Shelter

I am exhausted. Physically, mentally, and emotionally. Possibly the most exhausted I have ever been.

Social services found me a bed at a homeless shelter today. It’s a temporary shelter — 30 day max stay. It’s on the other side of the county, in an area I don’t really know. But it’s a bed. There wasn’t much else they could do. I don’t qualify for any assistance because I am in the small percentage of people that fall within all the loopholes of disqualifications.

I’m trying to pick up the pieces. I’m trying to catch up with all the school work I got behind in when I was hospitalized. I’m trying to figure out if I’ll ever find a stable place to live. I’m trying to figure out how I’ll pay my bills.

I hadn’t cried until today. I’ve been pretending to be strong, when inside I’ve been a mess.

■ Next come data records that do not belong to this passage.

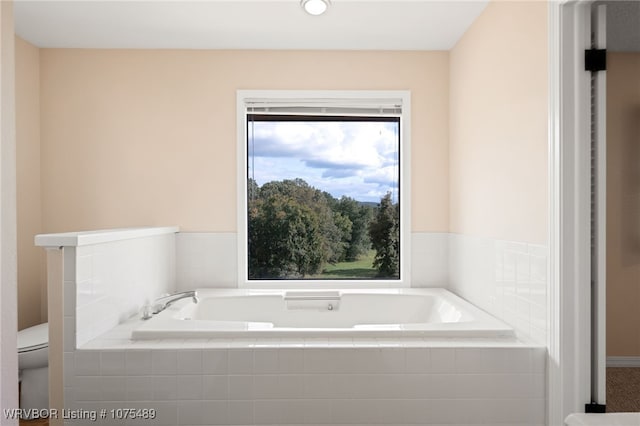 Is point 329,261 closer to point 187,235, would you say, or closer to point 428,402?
point 187,235

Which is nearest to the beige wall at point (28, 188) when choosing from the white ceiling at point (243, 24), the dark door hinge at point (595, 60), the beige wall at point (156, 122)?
the beige wall at point (156, 122)

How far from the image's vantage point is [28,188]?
324cm

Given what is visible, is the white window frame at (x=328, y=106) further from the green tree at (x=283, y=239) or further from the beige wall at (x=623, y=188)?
the beige wall at (x=623, y=188)

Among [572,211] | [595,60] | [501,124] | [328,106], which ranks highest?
[328,106]

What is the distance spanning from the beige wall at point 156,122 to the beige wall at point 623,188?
1.56 m

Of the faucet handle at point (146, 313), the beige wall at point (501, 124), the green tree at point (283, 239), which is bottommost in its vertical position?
the faucet handle at point (146, 313)

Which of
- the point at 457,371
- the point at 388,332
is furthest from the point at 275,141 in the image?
→ the point at 457,371

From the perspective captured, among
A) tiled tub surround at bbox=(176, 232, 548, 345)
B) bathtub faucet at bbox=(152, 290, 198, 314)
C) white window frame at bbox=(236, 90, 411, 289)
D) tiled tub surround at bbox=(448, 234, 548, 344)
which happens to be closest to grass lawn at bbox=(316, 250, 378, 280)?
white window frame at bbox=(236, 90, 411, 289)

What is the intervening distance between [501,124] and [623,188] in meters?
0.67

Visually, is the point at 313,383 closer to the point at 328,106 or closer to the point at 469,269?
the point at 469,269

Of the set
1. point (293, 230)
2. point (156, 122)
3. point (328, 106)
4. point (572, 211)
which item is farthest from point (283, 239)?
point (572, 211)

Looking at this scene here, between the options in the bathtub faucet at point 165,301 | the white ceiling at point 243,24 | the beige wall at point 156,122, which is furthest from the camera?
the beige wall at point 156,122

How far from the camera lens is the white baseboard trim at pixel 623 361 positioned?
7.77 feet

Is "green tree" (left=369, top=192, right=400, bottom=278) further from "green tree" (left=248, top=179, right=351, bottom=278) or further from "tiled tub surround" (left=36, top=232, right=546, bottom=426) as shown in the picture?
"tiled tub surround" (left=36, top=232, right=546, bottom=426)
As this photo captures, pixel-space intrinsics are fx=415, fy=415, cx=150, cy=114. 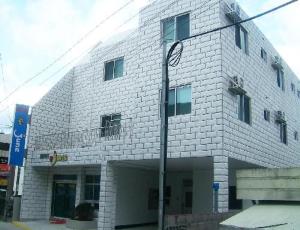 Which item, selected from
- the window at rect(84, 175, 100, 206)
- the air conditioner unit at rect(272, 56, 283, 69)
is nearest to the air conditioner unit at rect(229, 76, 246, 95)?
the air conditioner unit at rect(272, 56, 283, 69)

It finally came out when I was sitting at social services and they told me I would be going to a shelter. It finally sunk in that I was homeless and alone.

It’s really hard to see the positive in anything in times of crisis. I could totally see myself having a complete meltdown. I could see myself giving up entirely.

But I have so much support. Friends, some I’ve met and some I’ve only known online, have continued to be supportive throughout these last a several days. Phone calls and emails have helped me get through the day. People have donated money to help me with transportation and food costs. And their messages of hope and gratitude for how I’ve helped them brought me to tears.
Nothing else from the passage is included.